A firetruck is seen as a bushfire approaches the town of Labertouche, 90km (56 miles) east of Melbourne, February 7, 2009.
A firetruck is seen as a bushfire approaches the town of Labertouche, 90km (56 miles) east of Melbourne, February 7, 2009. Aircraft dropped water bombs on raging Australian bush fires and homes went up in flames on Saturday as a once-in-a-century heatwave sent temperatures in Melbourne to their highest on record. Australian bush fires killed 14 people in the southern state of Victoria on Saturday, police and local media said. Reuters/Mick Tsikas

Summer in Australia does not begin until December, but the current spring heat wave is breaking records across the country. According to the Bureau of Meteorology, Australia's average temperature last Oct. 25 was recorded at 36.39 degrees Celsius, making it the hottest day in October since records began in 1910. The heat wave last weekend had set new records for more than 20 stations. Reports said the warmth was described as exceptional and extended longer than usual.
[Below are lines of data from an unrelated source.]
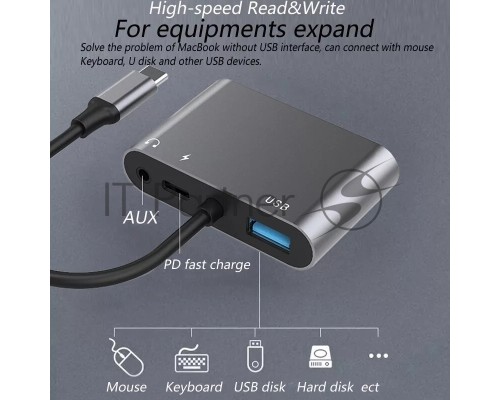 Адаптер USB Type-Cm-->VGA, HDMI 4k*30Hz, USB3.0, PD, Audio,iOpen (Aopen/Qust/VCOM)<ACU4511>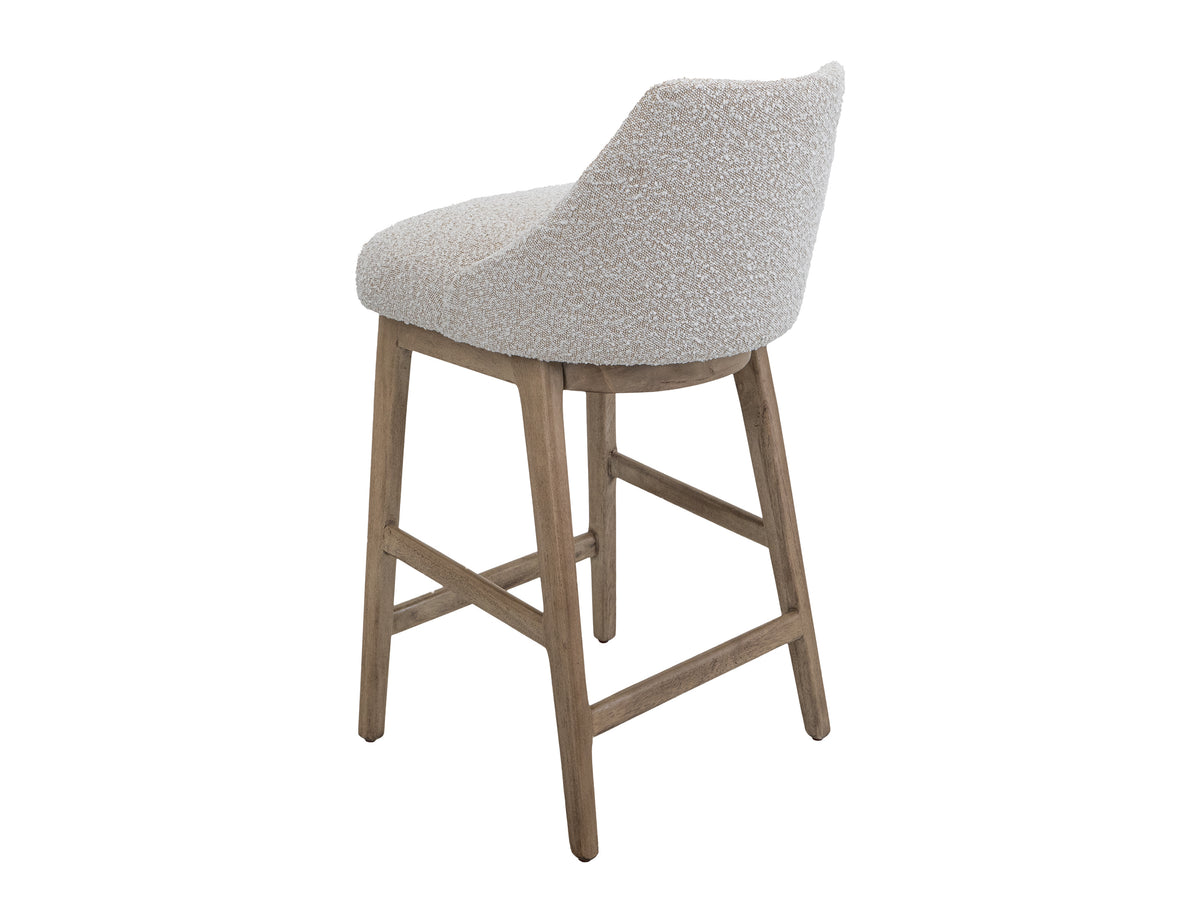 Emma Upholstered Barstool, White, Wooden Frame, Barstool 30"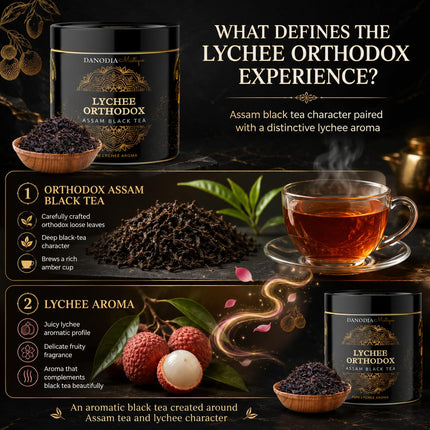Organic LYCHEE ORTHODOX ASSAM BLACK TEA (3.5oz/100g) 50+ servings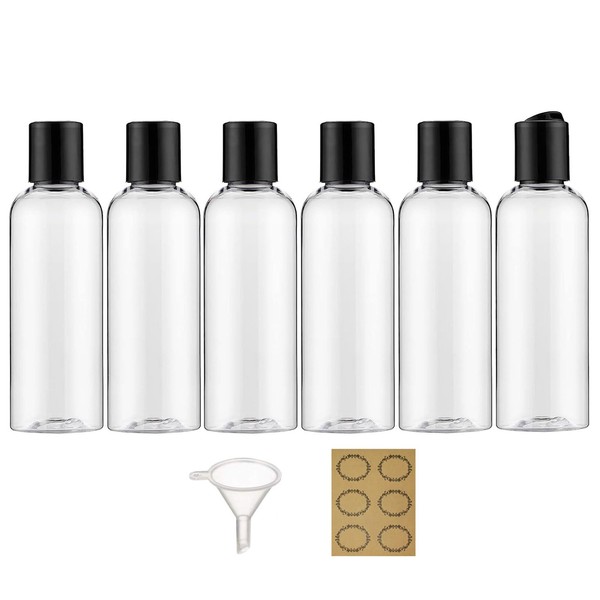Apstaqeoo Pack of 6 100 ml Plastic Bottles with Disc Lids Flip Top Empty Squeeze Bottles Refillable Travel Container Dosage with 1 Funnel 6 Labels TSA Approved for Liquid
SMH reports that NSW has experienced the heat with 10 percent of the state reporting the highest number of days with temperatures of more than 35 degrees in October. Climate experts have warned that Australia's summer may start early and last longer with intensifying heatwaves. They believe global warming has increased the chances of record-breaking temperatures at a rate faster than cold weather.

Weatherzone meteorologist Rob Sharpe said the heatwave began setting new records in South Australia as Adelaide experienced five days in October with temperatures above 32 degrees. Sharpe said the heatwave will be the first of the warming season. The weather bureau has issued a severe weather warning for the eastern part of the state including the metro area where winds are expected to blow at 90 km/h as the southerly winds enter.

Meanwhile, more than 1500 lightning strikes were recorded southeast of Queensland that lasted for 15 minutes last Oct. 27. Reports said Australia's hot weather had triggered the lightning storm. Small amounts of hail were detected in Carina Heights, southeast of Brisbane, and Toombul at the northern side of the city.

At the height of the storm, 14,500 homes had reported power outage across southeast Queensland. Crews from power companies responded to reports of power outages and have reduced the number of affected homes as of writing. The heat from the lightning storms had sparked a dozen bushfires as some residents feared an electrical storm will cause more fires, Courier Mail reports.

In other parts of the world, global warming is expected to increase the risk of harsher winters in Europe and Asia. The new research published in Nature Geoscience found an increased risk of ice winters to occur in the coming decades. Climate researchers predict the Artic to be free from ice in the 2030s.